_EXERCISE DETAILS_
Please give back the listing below word for word, without the images.

--- DATA SHOWN Enclosed Below ---

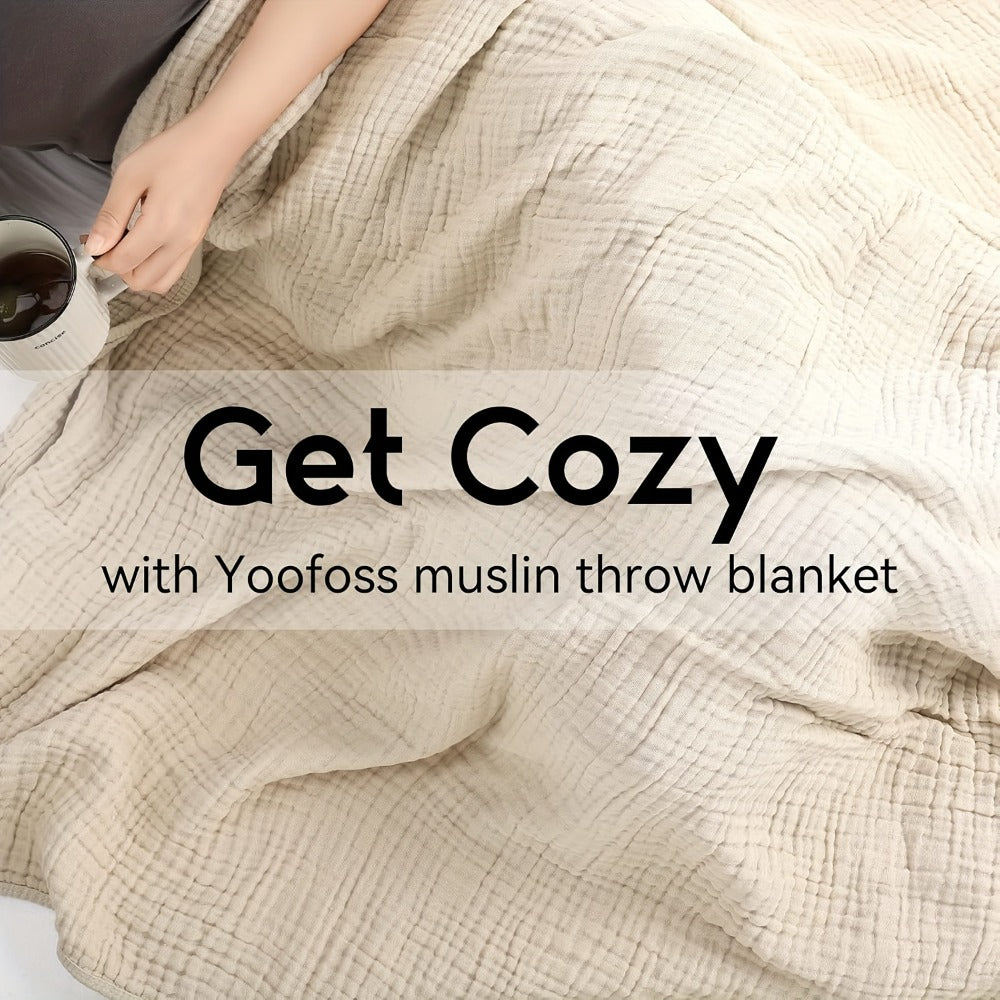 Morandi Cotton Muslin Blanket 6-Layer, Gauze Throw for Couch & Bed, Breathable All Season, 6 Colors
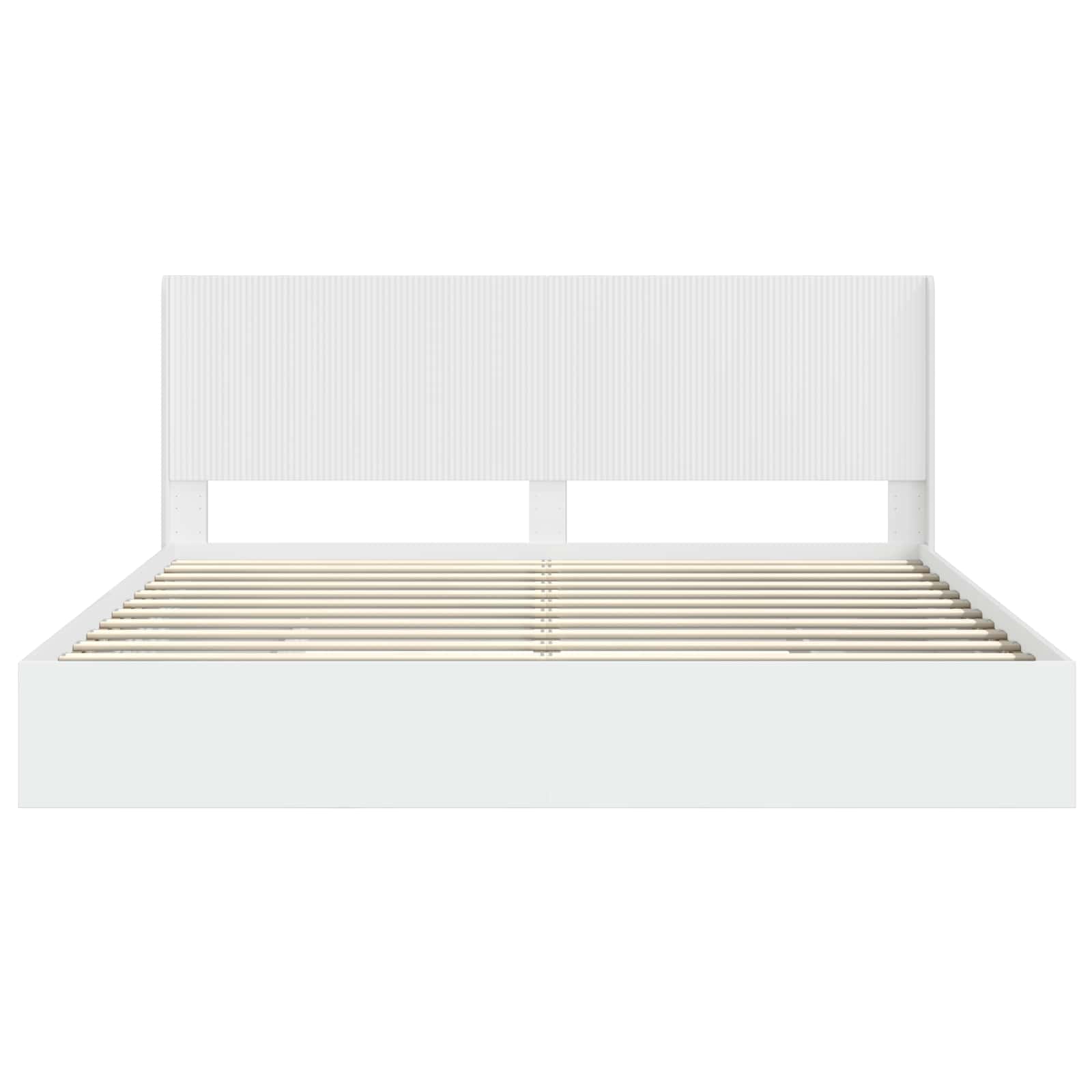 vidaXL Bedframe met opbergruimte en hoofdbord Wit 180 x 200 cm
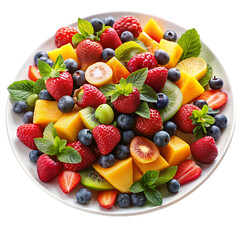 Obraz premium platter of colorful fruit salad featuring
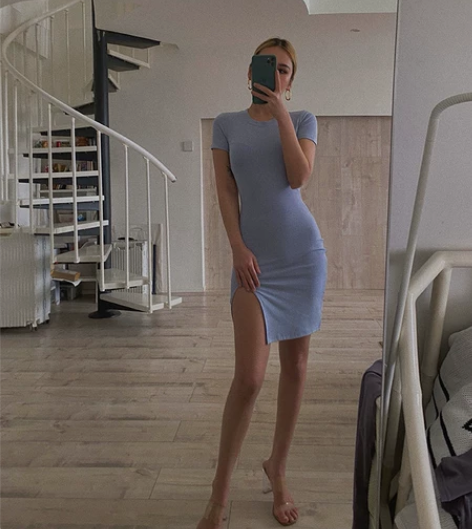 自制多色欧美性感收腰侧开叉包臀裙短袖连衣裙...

--- End of Enclosed DATA SHOWN ---

_REPLY TO THE TASK_
 Morandi Cotton Muslin Blanket 6-Layer, Gauze Throw for Couch & Bed, Breathable All Season, 6 Colors
 vidaXL Bedframe met opbergruimte en hoofdbord Wit 180 x 200 cm
 Obraz premium platter of colorful fruit salad featuring
 自制多色欧美性感收腰侧开叉包臀裙短袖连衣裙...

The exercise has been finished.